• **PROBLEM REQUIREMENTS**
Word for word, transcribe every line below.

[Stored items]
══════════════════════════════

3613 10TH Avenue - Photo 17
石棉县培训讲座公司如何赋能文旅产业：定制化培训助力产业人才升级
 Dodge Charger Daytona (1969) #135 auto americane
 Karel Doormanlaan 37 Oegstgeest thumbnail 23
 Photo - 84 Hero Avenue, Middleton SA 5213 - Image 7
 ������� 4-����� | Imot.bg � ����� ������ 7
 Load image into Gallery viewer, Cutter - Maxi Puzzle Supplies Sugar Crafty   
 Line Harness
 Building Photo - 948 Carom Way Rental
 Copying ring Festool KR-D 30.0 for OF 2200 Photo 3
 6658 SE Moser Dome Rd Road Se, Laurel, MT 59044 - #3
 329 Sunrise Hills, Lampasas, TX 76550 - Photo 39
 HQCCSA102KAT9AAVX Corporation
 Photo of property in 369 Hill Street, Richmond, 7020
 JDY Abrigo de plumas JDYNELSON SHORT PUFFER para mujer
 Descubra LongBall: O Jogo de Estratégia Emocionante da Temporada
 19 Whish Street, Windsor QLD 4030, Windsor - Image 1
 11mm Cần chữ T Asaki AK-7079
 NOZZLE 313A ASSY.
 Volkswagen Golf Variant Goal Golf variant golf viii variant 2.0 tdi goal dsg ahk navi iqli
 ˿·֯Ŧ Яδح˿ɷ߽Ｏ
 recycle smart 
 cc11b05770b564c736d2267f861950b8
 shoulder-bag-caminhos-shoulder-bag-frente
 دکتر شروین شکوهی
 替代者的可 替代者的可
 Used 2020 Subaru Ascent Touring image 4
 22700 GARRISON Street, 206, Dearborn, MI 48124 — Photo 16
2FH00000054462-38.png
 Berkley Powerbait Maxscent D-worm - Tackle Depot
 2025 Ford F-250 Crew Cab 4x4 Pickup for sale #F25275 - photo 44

══════════════════════════════

• **REPLY TO THE TASK**
3613 10TH Avenue - Photo 17
石棉县培训讲座公司如何赋能文旅产业：定制化培训助力产业人才升级
 Dodge Charger Daytona (1969) #135 auto americane
 Karel Doormanlaan 37 Oegstgeest thumbnail 23
 Photo - 84 Hero Avenue, Middleton SA 5213 - Image 7
 ������� 4-����� | Imot.bg � ����� ������ 7
 Load image into Gallery viewer, Cutter - Maxi Puzzle Supplies Sugar Crafty   
 Line Harness
 Building Photo - 948 Carom Way Rental
 Copying ring Festool KR-D 30.0 for OF 2200 Photo 3
 6658 SE Moser Dome Rd Road Se, Laurel, MT 59044 - #3
 329 Sunrise Hills, Lampasas, TX 76550 - Photo 39
 HQCCSA102KAT9AAVX Corporation
 Photo of property in 369 Hill Street, Richmond, 7020
 JDY Abrigo de plumas JDYNELSON SHORT PUFFER para mujer
 Descubra LongBall: O Jogo de Estratégia Emocionante da Temporada
 19 Whish Street, Windsor QLD 4030, Windsor - Image 1
 11mm Cần chữ T Asaki AK-7079
 NOZZLE 313A ASSY.
 Volkswagen Golf Variant Goal Golf variant golf viii variant 2.0 tdi goal dsg ahk navi iqli
 ˿·֯Ŧ Яδح˿ɷ߽Ｏ
 recycle smart 
 cc11b05770b564c736d2267f861950b8
 shoulder-bag-caminhos-shoulder-bag-frente
 دکتر شروین شکوهی
 替代者的可 替代者的可
 Used 2020 Subaru Ascent Touring image 4
 22700 GARRISON Street, 206, Dearborn, MI 48124 — Photo 16
2FH00000054462-38.png
 Berkley Powerbait Maxscent D-worm - Tackle Depot
 2025 Ford F-250 Crew Cab 4x4 Pickup for sale #F25275 - photo 44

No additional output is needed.